Освободительные революции в Новой Гранаде и по классовой принадлежности революционеров, и по технологии создания правительственных хунт хранительниц прав любимого монарха Фердинанда VII, и по предпринятому ими установлению свободы торговли и предпринимательства мало чем отличались от событий в Венесуэле. Своеобразный итог преобразований в этой сфере подвело коммюнике Конгресса Соединенных Провинций Новой Гранады от 9 апреля 1814 г. принцу-регенту Великобритании, в котором, в частности, говорилось: Американец открывает нынче свою дверь иностранцу и приглашает воспользоваться теми выгодами, которыми его одарила природа; он знает, что оба они принадлежат к одной большой семье, расселившейся по миру, и что, раз повсюду распределено и добро и зло, они должны помогать друг другу... удовлетворять свои потребности; что имеющееся в избытке у одного недостает другому и что торговля является той нитью... которой пожелала связать и сплотить их природа.
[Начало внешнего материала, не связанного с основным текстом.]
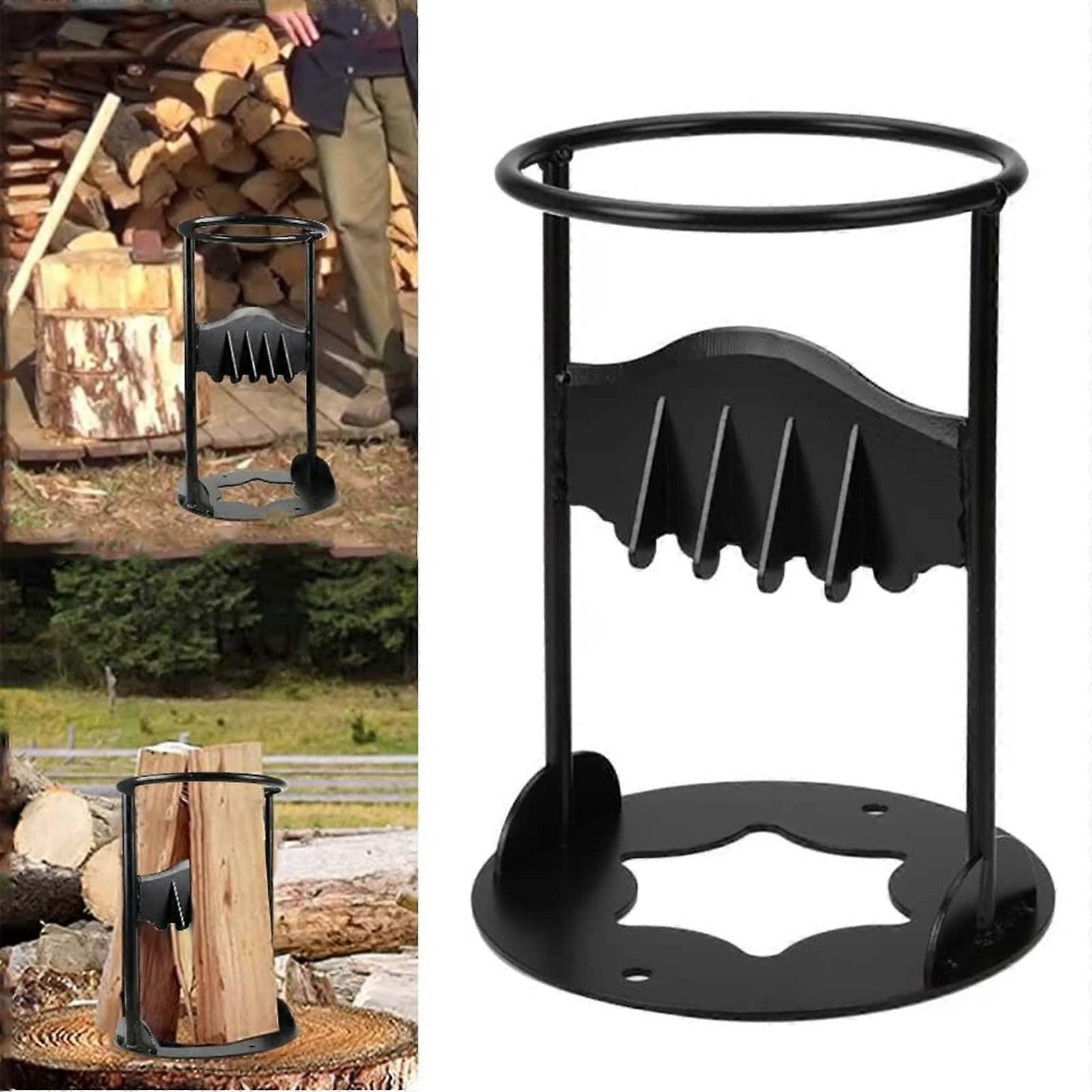 Removable kindling starter, small cast iron log splitter, sturdy manual wood splitter, suitable for home, camping, and fireplaces.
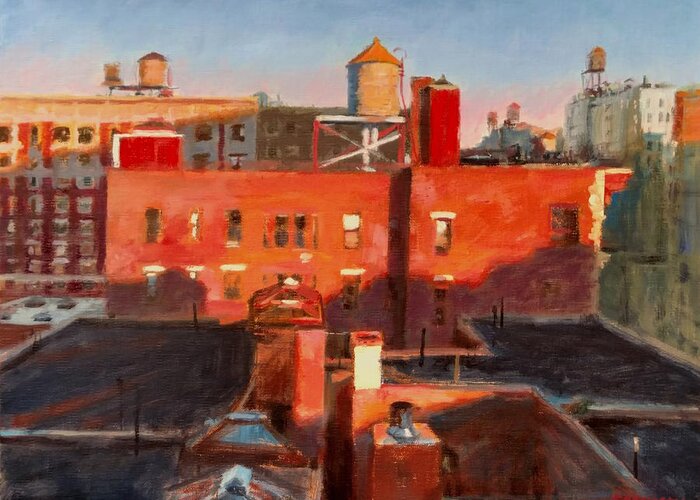 New York Greeting Card featuring the painting Water Towers at Sunset No. 3 by Peter Salwen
Тогда почему же столь глупая и слабая нация (имеется в виду Испания. Н.М.), не способная осчастливить нас ни в каком смысле, желает отнять у нас эти блага? Почему она отрывает нас от рода человеческого?
Можно добавить, что новогранадские революционеры в сфере свободы торговли и предпринимательства первоначально действовали смелее своих венесуэльских коллег и сразу же отменили почти все колониальные налоги и монополии, включая табачную и водочную. Но с погружением страны в гражданские войны, когда встала проблема средств для ведения военных действий, как минимум табачная монополия начала реставрироваться ради укрепления провинциальных бюджетов повсюду. Той же цели, видимо, служило введение налога на наследство, декретированное объединенным новогранадским конгрессом в феврале 1815 г., а затем и чрезвычайный налог на владельцев собственности стоимостью от 50 песо и выше.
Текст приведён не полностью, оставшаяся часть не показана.